BEGIN Given data
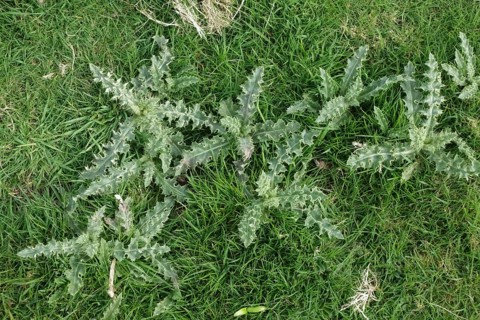 Creeping thistle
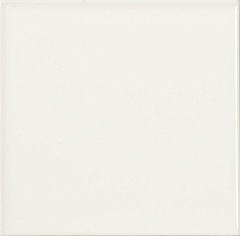 Monocolor Liso Mate Blanco 10 10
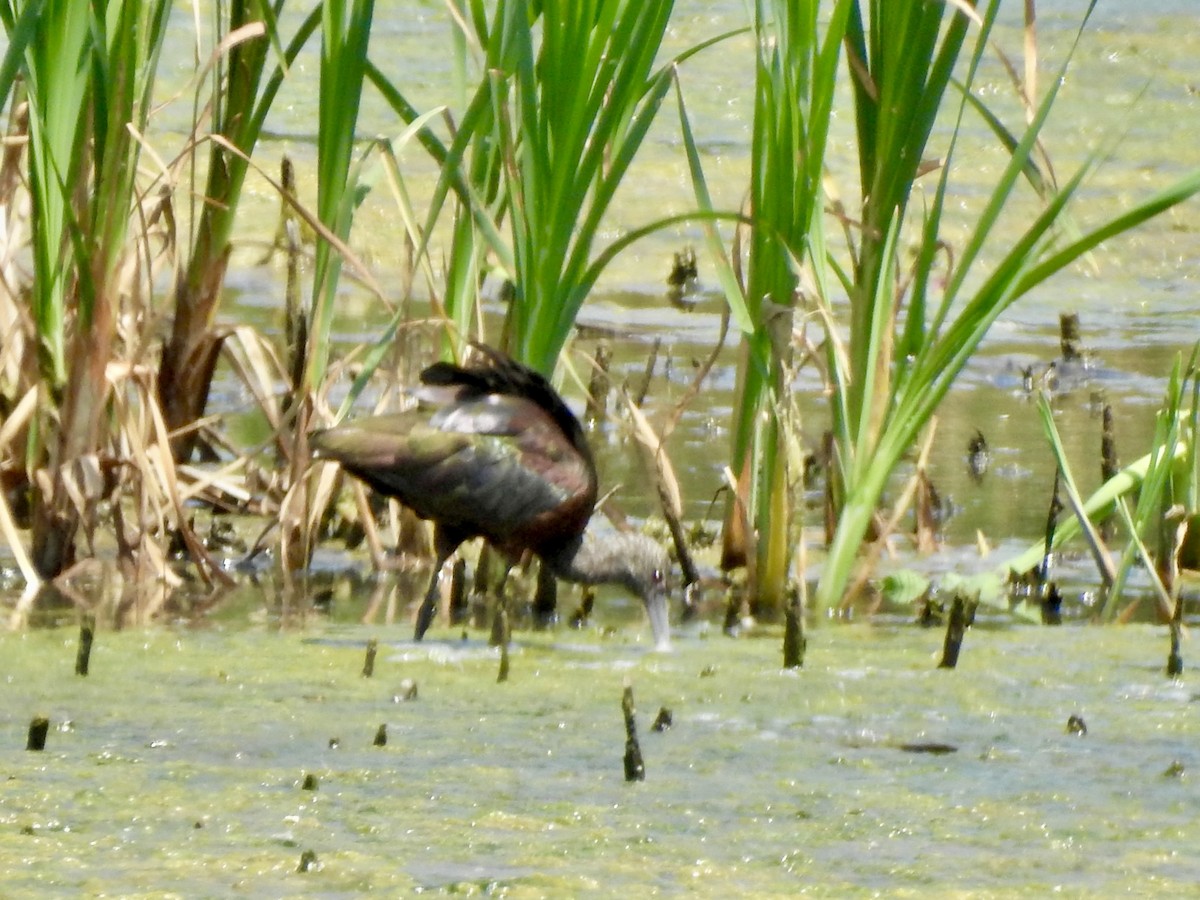 hvitgrimeibis - ML620120940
END Given data
Set down exactly, line for line, the data from the line that contains "Monocolor Liso Mate Blanco 10 10" through its last line, keeping pictures out.

Answer box
 Monocolor Liso Mate Blanco 10 10
 hvitgrimeibis - ML620120940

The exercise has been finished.